BEGIN Recorded data
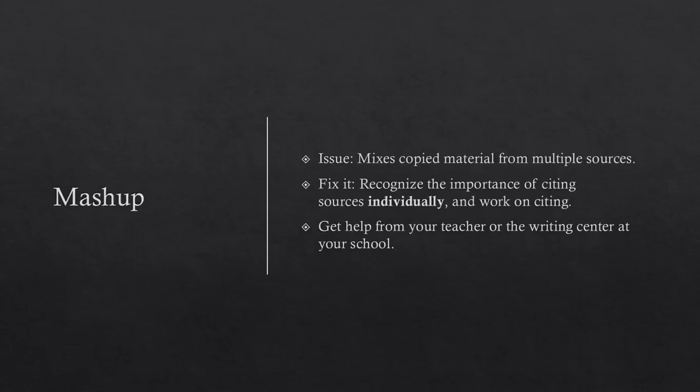Mashup. The issue is mixing copied material from multiple sources without citing it. To fix it, recognize the importance of citing sources individually and work on citing. Get help from your teacher or the writing center at your school.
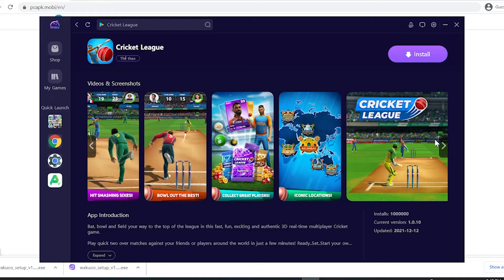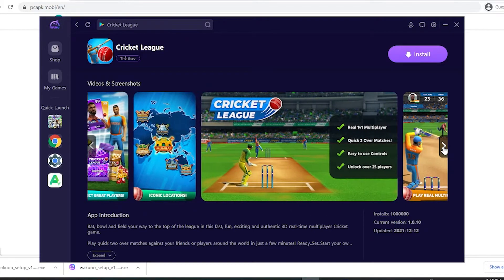I've put the link to the emulator in the description below, or you can comment on this video. Just scroll down while you watch this to check it out and click on it to download. By the way, if you're using Chrome, the download file will be at the bottom left of your screen — just click on it and it will show a prompt.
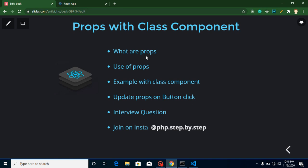Hi everyone, welcome back to my channel. My name is Anil and in this React.js video tutorial, we will learn how we can use props with the class component. In the previous video, we learned how to use props with the functional component — the link is in the description box. In this video, we'll cover what props are, an example of props with class component, and how to update props on button click.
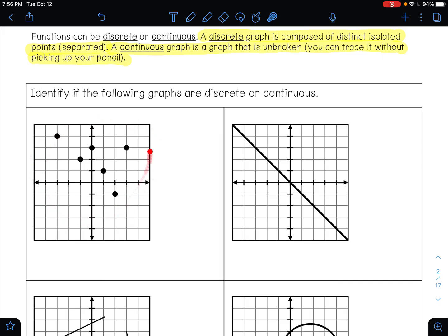Well, this graph is in different parts. If I wanted to trace it, I could trace this point, pick up my pencil, trace the next point, pick up my pencil — and so on for each point. I can't connect them with lines because there are no lines on this graph. Because these are separated into different pieces, that makes this graph discrete.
END Recorded data
> **Task prompt**: Give back exactly the lines from the line with "Hi everyone, welcome" through the end of the material above, and omit every picture.

> **Answer space**:
Hi everyone, welcome back to my channel. My name is Anil and in this React.js video tutorial, we will learn how we can use props with the class component. In the previous video, we learned how to use props with the functional component — the link is in the description box. In this video, we'll cover what props are, an example of props with class component, and how to update props on button click.
Well, this graph is in different parts. If I wanted to trace it, I could trace this point, pick up my pencil, trace the next point, pick up my pencil — and so on for each point. I can't connect them with lines because there are no lines on this graph. Because these are separated into different pieces, that makes this graph discrete.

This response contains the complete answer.